Henry, who was recovering from food poisoning, had spent Christmas at Windsor with a smaller than usual household and was planning to round off the seasonal celebrations with a day of masques and jousts on 6 January, the Epiphany. It was under cover of these festivities that the rebels, who had been conspiring together since mid-December, planned to strike, but before the day arrived they were betrayed, possibly by a London prostitute, whose clients included both a loose-tongued conspirator and an esquire of the royal household, possibly by the earl of Rutland, or possibly simply through carelessness.
13
At any rate, by the time the rebel lords met as arranged at Kingston-upon-Thames (Surrey) on Sunday 4 January, the
king knew of the plot and was hurrying back to London, summoning his retainers as he went.
14
Thomas Knolles, mayor of London, raised the citizens, while Henry sent a message to Archbishop Arundel, warning him just in time (‘as we were approaching Kingston’) of the danger.
15
Arundel, who had also been marked out for execution, retired to Reigate castle. The rebels, realizing they had been unmasked, nevertheless rode to Windsor where once more they vainly proclaimed Richard II king, then to Sonning (Berkshire) where Richard's child-queen Isabella's household was lodged. Kent, Salisbury and Lumley then rode westwards, perhaps trying to reach Shrewsbury or Cheshire, perhaps to flee abroad. By the evening of 6 January they had reached Cirencester. The townspeople, alerted to their intentions, arrested them, locked them in the abbey, and summoned Thomas Lord Berkeley to conduct them to the king, but this proved unnecessary: two days later, when they tried to flee – apparently by starting a fire in order to cover their escape – all three were dragged out into the marketplace and beheaded. Meanwhile Huntingdon had made his way into Essex hoping to flee by boat to the continent; found hiding in a mill at Prittlewell, he was taken to Pleshey castle and handed over to Joan countess of Hereford, Henry's mother-in-law.
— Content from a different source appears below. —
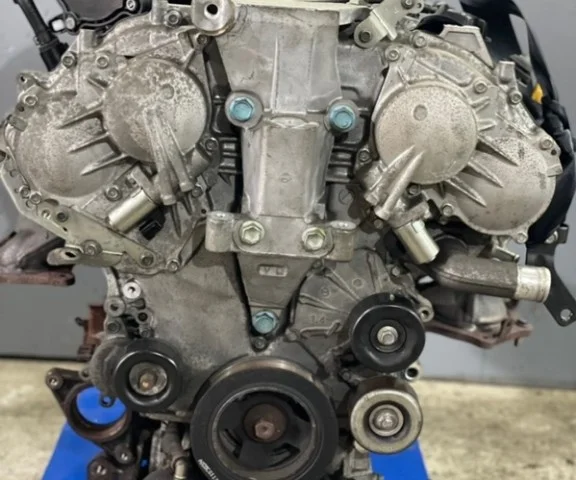 Продажа двигателя VQ25DE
Accounts differ as to whether she hastened him to his execution or the popular clamour obliged her to hand him over to the mob, but the upshot was that he was beheaded outside the castle gate by ‘plebs and mechanics’ on the very spot where, two-and-a-half years earlier, the duke of Gloucester had been arrested by Richard II.
16
Thomas Despenser also tried to flee abroad from his castle of Cardiff, but he was betrayed by the captain of the ship he chartered and taken instead to Bristol, where once again lynch law prevailed: he was beheaded in the marketplace on 13 January.
17

Meanwhile the king had set off with a mixed force of retainers and Londoners in pursuit of the ringleaders, but by the time he reached Oxford on 11 January he was able to despatch letters to the sheriffs telling them the danger was over.
18
Most of the remaining suspects were brought here, and at Oxford castle on 12 January Henry presided over their trials. The charge, inescapably, was treason. Some ninety men stood accused, most of whom were quickly pardoned since they were menials press-ganged into joining
the rising, although twenty-seven were convicted and adjudged to a traitor's death. Most of these were simply beheaded since, as Henry put it: ‘the sight of so many people being put to such a death would be quite horrid, and the sound of it most odious, and lest they should, on account of the great pains they would suffer, deny God their Creator or fail to keep their Creator properly in mind at the going forth of their souls’.
19

The most fortunate rebel was John Ferrour, who was pardoned and released because he had saved Henry's life in the Tower at the time of the 1381 Revolt. Four of the ringleaders, however – the knights Thomas Blount and Benedict Cely and the esquires John Walsh and William Baldwin – suffered the full penalty of drawing, hanging, beheading and quartering. Adam Usk, who had an eye for such details, recalled seeing their bodies being carried to London ‘chopped up like the carcasses of beasts killed in the chase, partly in sacks and partly on poles slung across pairs of men's shoulders, where they were later salted to preserve them [for display]’.
20
Rumours of the rising had also spread north, sparking disturbances in Derbyshire and Cheshire among opponents of the Lancastrian regime, but these subsided once news arrived from Cirencester and Oxford.
21
By 15 January Henry was back in London where, on the following day, Archbishop Arundel led a procession through the city chanting the
Te Deum
in thanksgiving for the king's deliverance.
22
Maudeleyn and Ferriby were caught and executed three weeks later, but the higher-ranking churchmen escaped with their lives, even if the bishop of Carlisle was initially condemned to death.
23

There remained one possible conspirator. According to one account, Richard II confessed that the rebels had been acting on a plan devised by him at Conway castle.
24
Although it is far from impossible that schemes of a general nature were discussed during those desperate August days in North Wales, it is difficult to believe that Richard, closely guarded at Pontefract castle, could have been involved in any detailed planning.
25
What was clear, however, was that as long as he remained alive, he was an incentive to treason, and in this sense the rising was the catalyst for his
death. The minute of a great council meeting held on 8–9 February recorded cagily that if he were still alive, ‘as it is supposed that he is’, he should be securely guarded, but that if he were dead this should be demonstrated to the people. By 17 February it was known that he was dead and an esquire was sent to bring his corpse from Pontefract to London.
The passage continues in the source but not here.